パリに帰るために予約していたAF279便、早朝羽田空港に到着するとCDG空港管制官のストライキの影響で欠航のお知らせ。(笑)
寝不足だと通常不機嫌な僕ですが、「フランス生活あるある」という感じで驚きも怒りも心配もしませんでした。

AIR FRANCEが手配してくれたJAL045便で3時間後に機上の人に。

これまた新たに投入された日本航空の新しいビジネスクラスを体験出来て、ラッキー!(笑)

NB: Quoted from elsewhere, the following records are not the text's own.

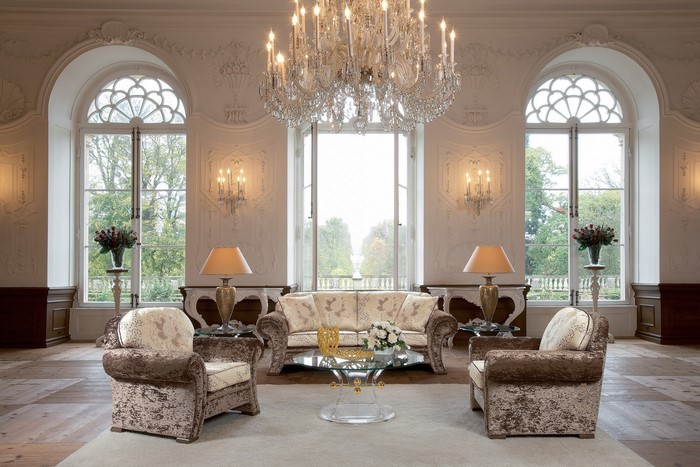 Luxurious living room with ornate chandelier and furniture
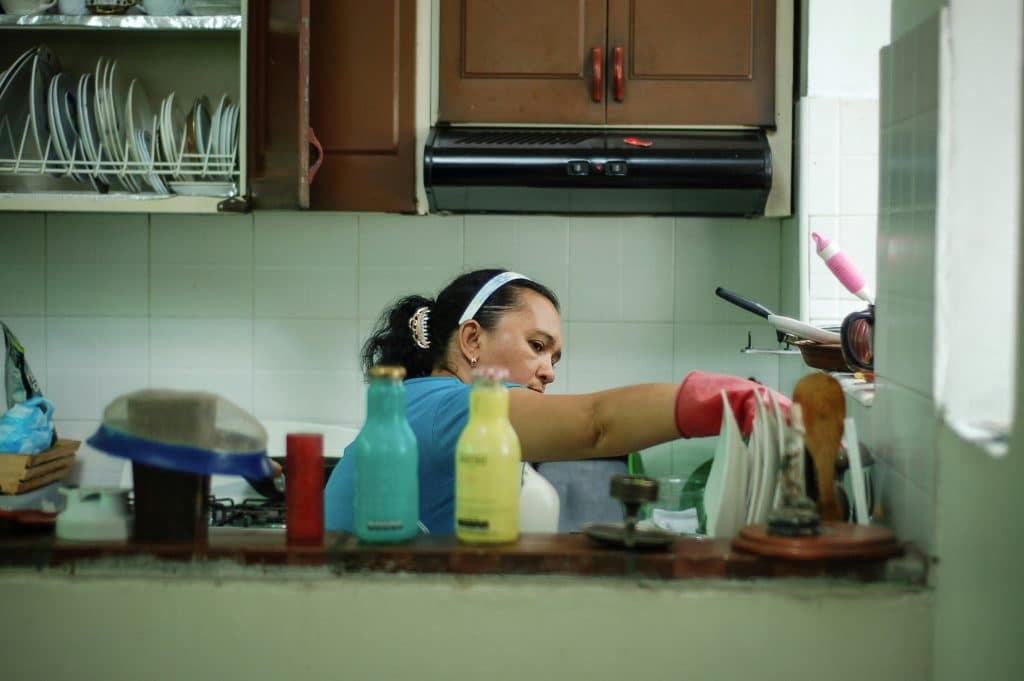 A woman wearing a white headband and red cleaning gloves, with her hair in a ponytail, moves items in the kitchen. Only her upper body is visible. She's by an extractor fan and there's an open cupboard with a rack of plates inside. The decor is quite dated.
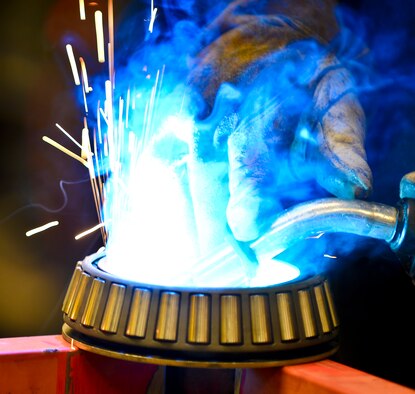 A rotational plate is welded together, Aug 22, 2013 at MacDill Air Force Base, Fla. Two Airmen from MacDill co-engineered a way to centrifugally mount a KC-135’s nose and main landing wheel on a rotating base, which reduces a wheel’s paint process by 50 percent. (U.S. Air Force photo/Staff Sgt. Brandon Shapiro)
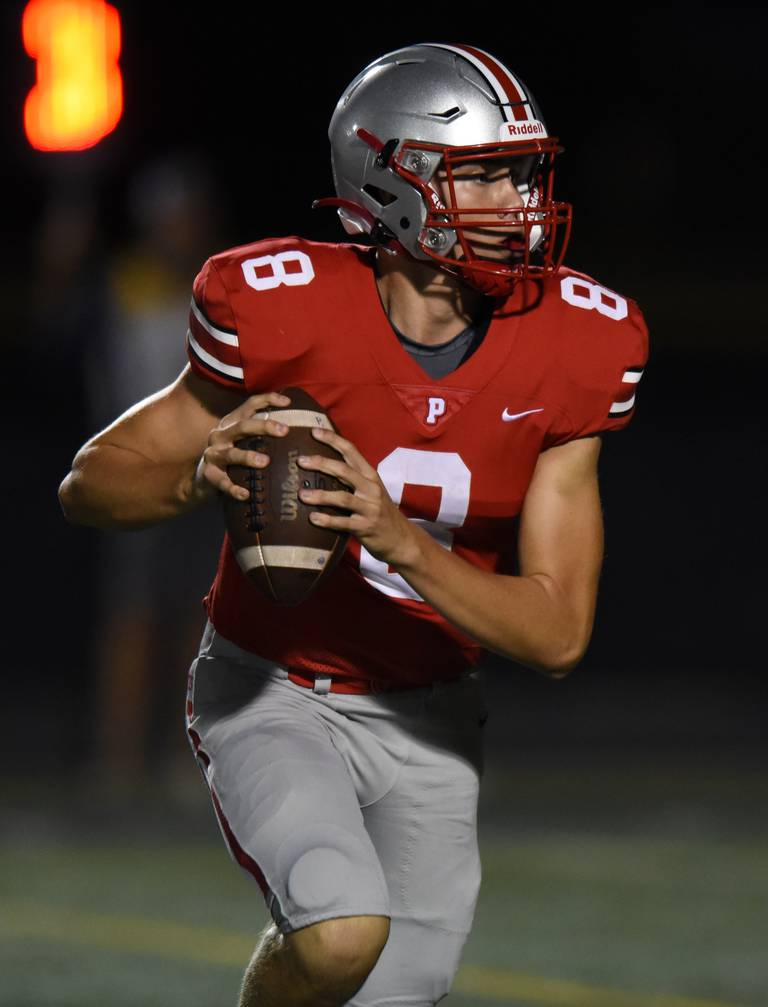 Palatine quarterback Grant Dersnah carries the ball for a touchdown during Thursday's game against Glenbrook South.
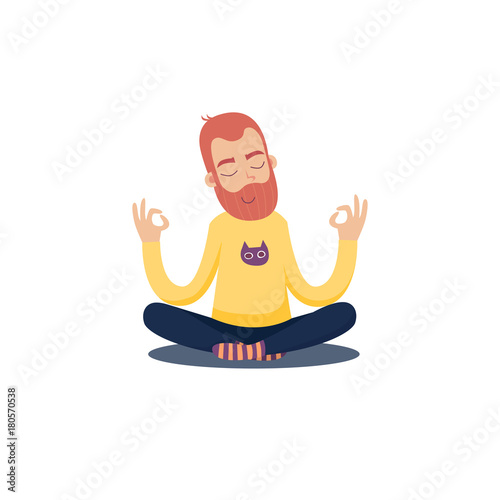 Red bearded man in a yellow sweater is meditating in the Lotus position.
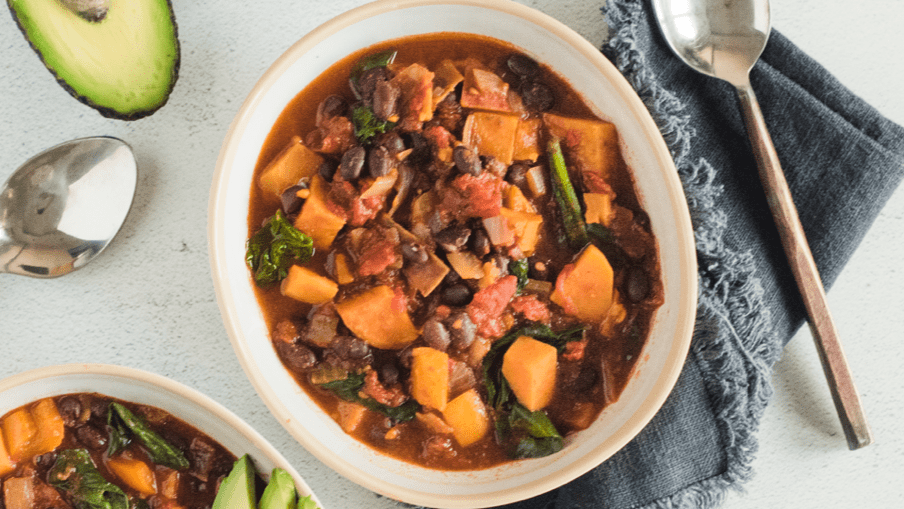 Chili à la patate douce et aux haricots noirs dans un bol garni et prêt à servir. Chili à la patate douce et aux haricots noirs dans un bol garni et prêt à servir.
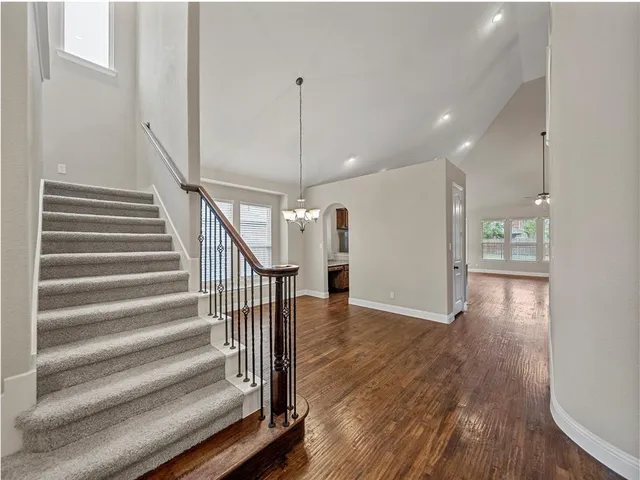 a view of an entryway with wooden floor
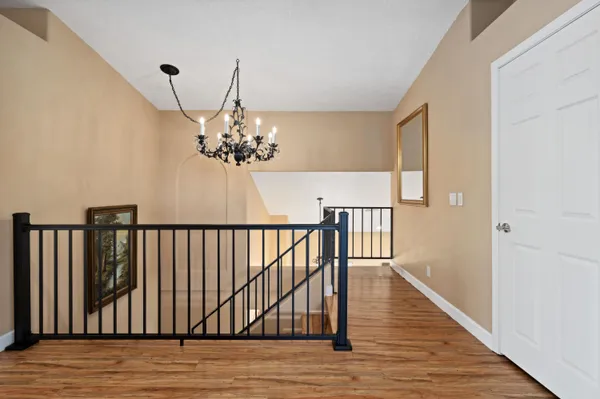 a view of a balcony with furniture and wooden floor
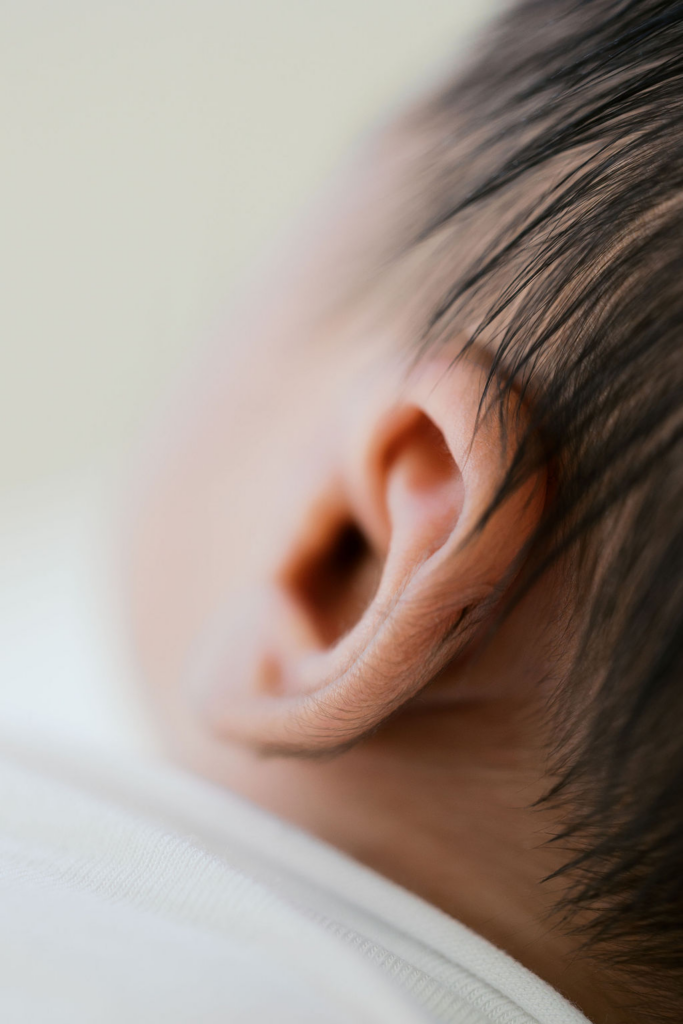 Macro detail of a newborn baby’s ear and fine dark hair, with soft skin texture and gentle curves of the ear highlighted against a creamy blurred background, illustrating the kind of detail to notice when learning how to choose a newborn photographer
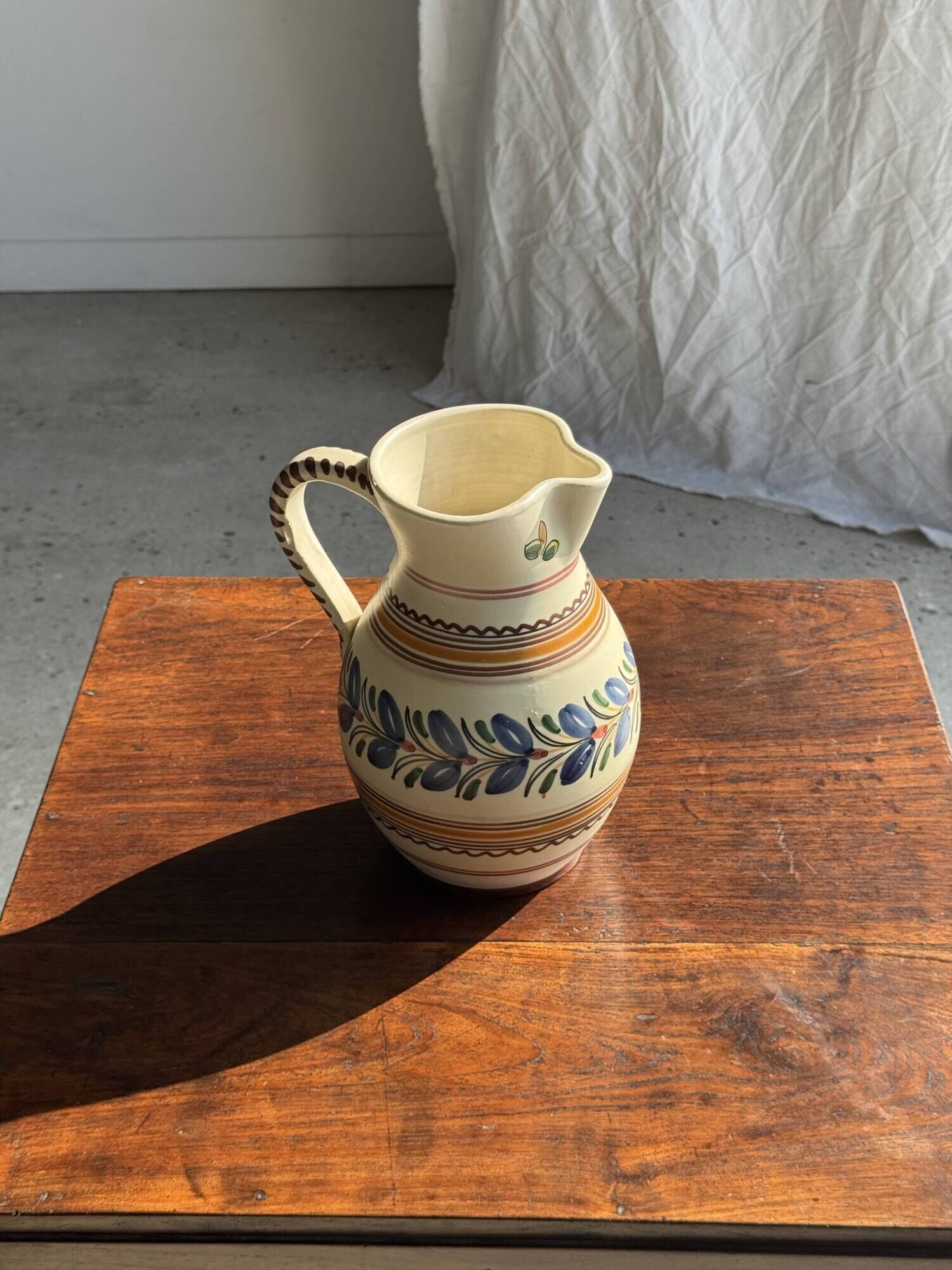 Beige carafe with stylized blue flower friezes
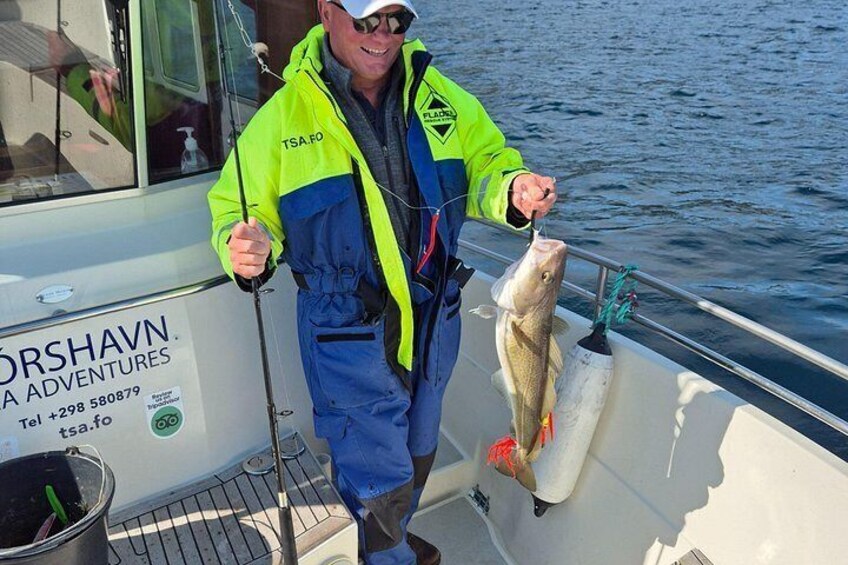 A person in a boat holding a fish, wearing a bright jacket, with a boat sign in the background. 2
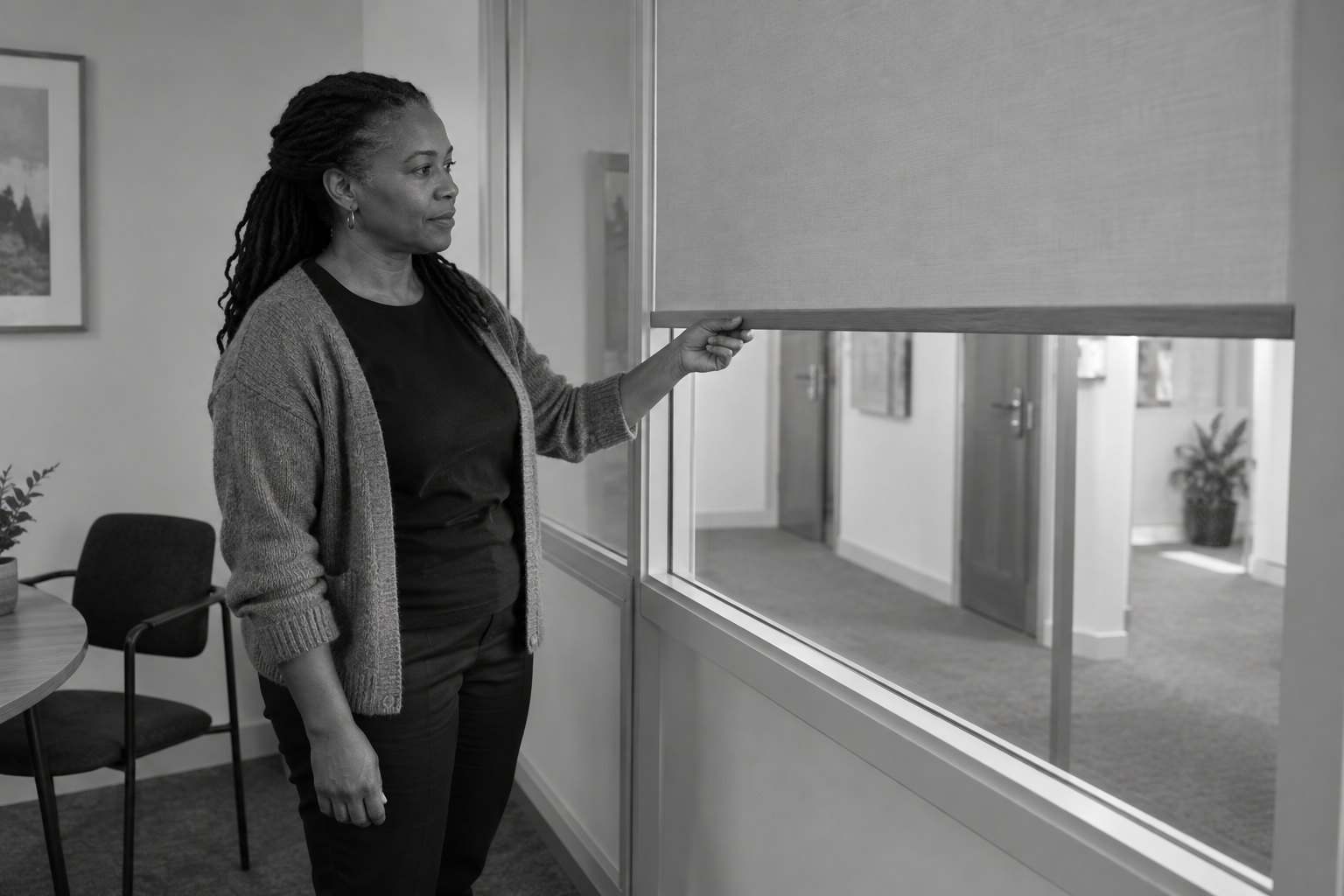 A woman holds the wooden bottom rail of a partly lowered fabric blind across an internal office window, with an empty corridor visible through the uncovered lower glass.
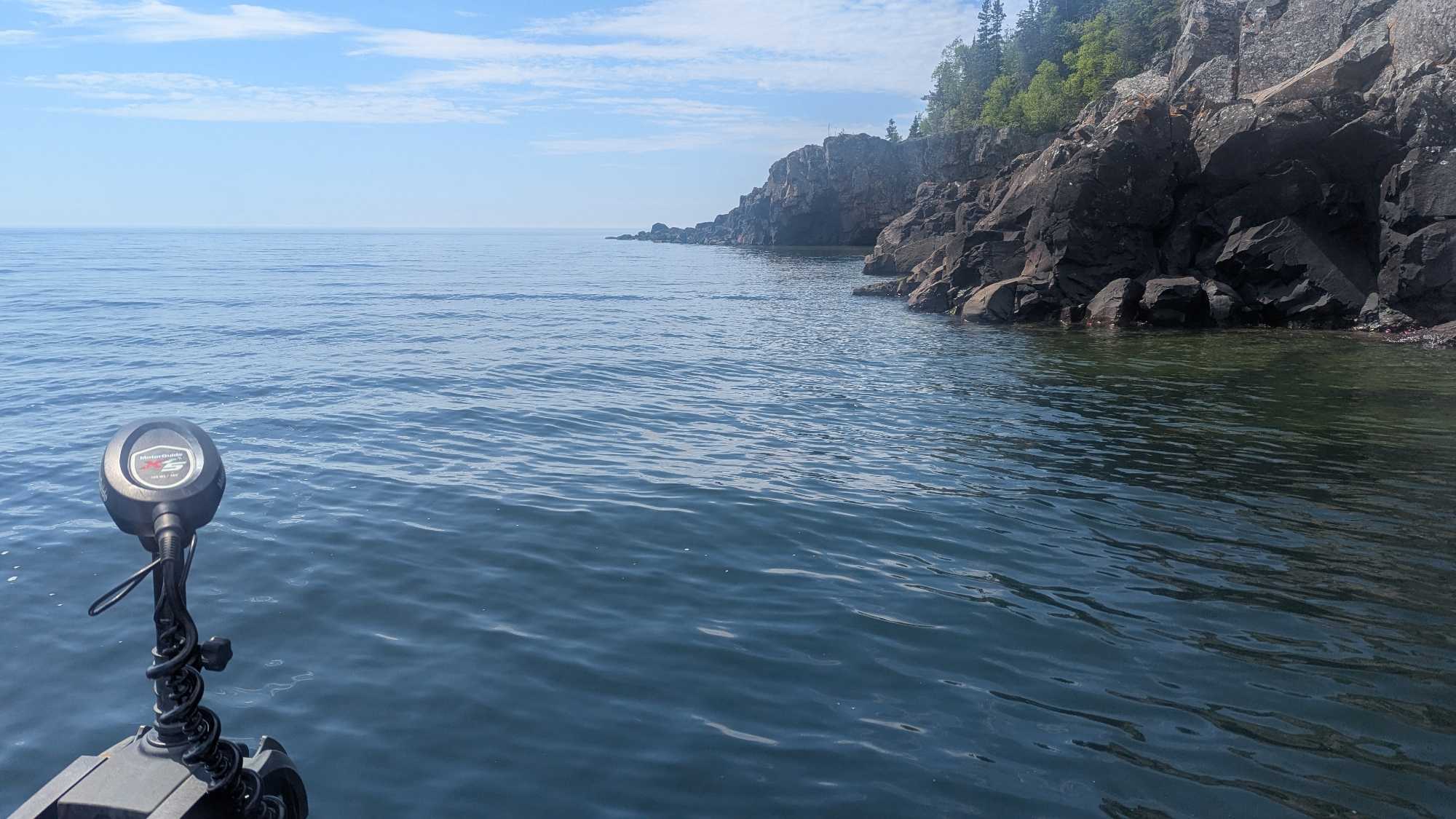 Fishing boat motor on calm waters near rocky shoreline in Nipigon Ontario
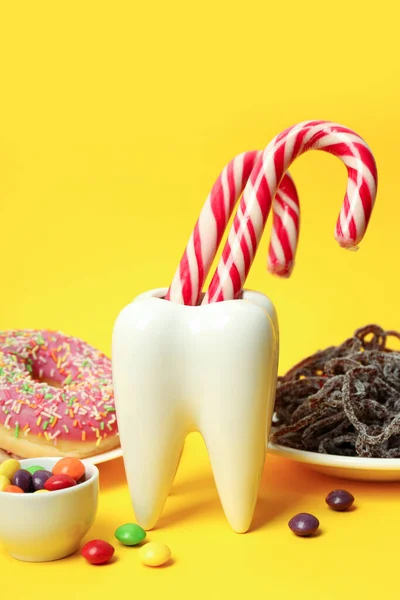 Concept of food bad for teeth on yellow background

やっぱりJALの機内食は美味しいなー!さすがニッポン

しかし、全席通路側を売りにした半個室のような設計の座席はなぜか居心地が良くない。。惹かれないというか、座っていて喜びがない。一言でいうと、つまらない。

機内食しか写真を撮らなかったという事実が多くを語っている?!

AIR FRANCEとJAL、フランスと日本の”おもてなし”のどちらかに優越をつけるつもりはない。というか、優劣などつけれない。

ただ、両者の良いところを融合させた”おもてなし”を実現することができたら面白いんじゃないかと常日頃から思っている。

視点・支点・始点を変えると見えてくることがある。